Il ressort de cet article 1 que l’action en justice requiert deux conditions : l’intérêt et la qualité et en l’absence de mandat ou d’autorisation, l’action est irrecevable en vertu de l’adage selon lequel « Nul ne plaide par procureur ».

Or, justement, l’action de groupe doit être exercée, sans mandat et sans autorisation préalable.

Un mandat sera donné plus tard, au moment de l’adhésion du consommateur au groupe, mais ce mandat aura pour objet de permettre à l’association de recevoir l’indemnisation.

L’association de défense des consommateurs ne peut donc prendre seule l’initiative du procès et doit agir avec au moins deux consommateurs qui demande réparation de son préjudice.

On voit bien que le législateur marocain n’a pas souhaité conférer aux associations un moyen d’action directe, c’est le dossier du consommateur qui servira de base à l’action, prouvera l’existence d’un litige et, par là même, la qualité à agir de l’association, ce qui serait de nature à “instrumentaliser” le consommateur.

Cette notion bien qu’originale est inéluctablement incertaine car « l’intérêt collectif des consommateurs » n’a pas été clairement défini par le législateur.

Il ne s’agit ni de l’intérêt général, ni de la somme des intérêts individuels des consommateurs lésés ; à mi-chemin entre ces deux notions.

On peut, donc, avancer sans risque d’erreur que l’action de groupe (certes à la marocaine) est enfin née, mais sans doute que le législateur aurait-il pu aller plus loin.

Osons espérer, sans l’ombre d’aucune réserve, que cette action ne soit pas l’Arlésienne du droit Marocain.


[1] Constituées et fonctionnant conformément à la législation et la réglementation en vigueur.

[2] Fixé par voie réglementaire.

[3] La reconnaissance d’utilité publique lui est conférée par décret.

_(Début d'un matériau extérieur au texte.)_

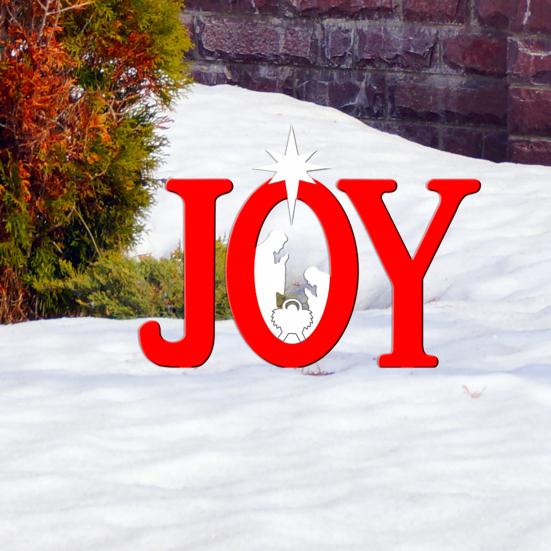 Акриловый знак для украшения двора Yousheng JOY с рождественскими силуэтами, рождественский наружный декоративный столб для лужайки, патио, сада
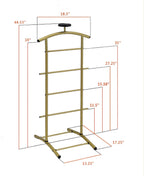 KB Designs - Suit & Tie Freestanding Valet Stand Clothing Organizer Rack, Gold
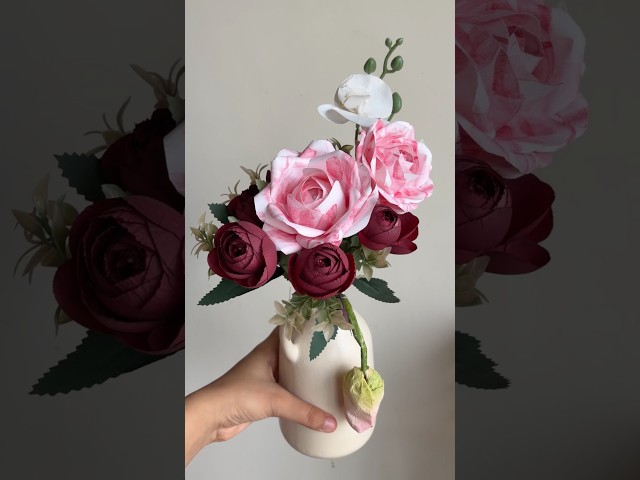 Kiss Print paper Rose diy | paper flower diy gift idea #shorts #crafts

[4] Seront fixés par décret, le régime d’administration du fonds, de gestion de ses finances ainsi que le pourcentage des amendes et la nature des ressources, qui lui sont affectés.

[5] Toutefois, les associations de protection du consommateur non reconnues d’utilité publique et dont le but exclusif est la protection du consommateur, ne peuvent exercer les droits qui leur sont reconnus qu’après l’obtention d’une autorisation spéciale de la partie compétente pour ester en justice et selon les conditions fixées par voie réglementaire.

[6] Le mandat s’exerce à titre gratuit et tout consommateur peut retirer le mandat à tout moment.